» Prompt
Can you restate the lines of the entries below, word for word, from the first one through the line that includes "HPE Aruba Instant"?

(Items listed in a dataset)

----------------------------------------

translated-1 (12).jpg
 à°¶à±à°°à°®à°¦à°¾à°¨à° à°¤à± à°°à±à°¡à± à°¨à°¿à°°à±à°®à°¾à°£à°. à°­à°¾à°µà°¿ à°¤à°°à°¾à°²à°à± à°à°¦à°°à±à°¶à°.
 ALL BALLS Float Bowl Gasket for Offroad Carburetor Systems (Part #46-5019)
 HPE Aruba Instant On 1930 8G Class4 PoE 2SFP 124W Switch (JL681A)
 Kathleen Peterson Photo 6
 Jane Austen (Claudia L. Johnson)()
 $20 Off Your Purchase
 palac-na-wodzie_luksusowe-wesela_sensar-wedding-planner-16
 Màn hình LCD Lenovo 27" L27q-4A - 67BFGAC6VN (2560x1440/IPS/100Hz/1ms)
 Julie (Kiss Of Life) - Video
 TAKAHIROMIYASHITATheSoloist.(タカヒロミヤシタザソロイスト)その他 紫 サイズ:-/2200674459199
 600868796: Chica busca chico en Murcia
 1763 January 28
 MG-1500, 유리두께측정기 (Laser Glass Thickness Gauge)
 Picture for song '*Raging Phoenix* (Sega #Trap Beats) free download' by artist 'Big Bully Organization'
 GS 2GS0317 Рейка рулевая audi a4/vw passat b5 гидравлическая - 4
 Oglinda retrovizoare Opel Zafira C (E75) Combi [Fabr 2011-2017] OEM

----------------------------------------

» Response to this exercise
translated-1 (12).jpg
 à°¶à±à°°à°®à°¦à°¾à°¨à° à°¤à± à°°à±à°¡à± à°¨à°¿à°°à±à°®à°¾à°£à°. à°­à°¾à°µà°¿ à°¤à°°à°¾à°²à°à± à°à°¦à°°à±à°¶à°.
 ALL BALLS Float Bowl Gasket for Offroad Carburetor Systems (Part #46-5019)
 HPE Aruba Instant On 1930 8G Class4 PoE 2SFP 124W Switch (JL681A)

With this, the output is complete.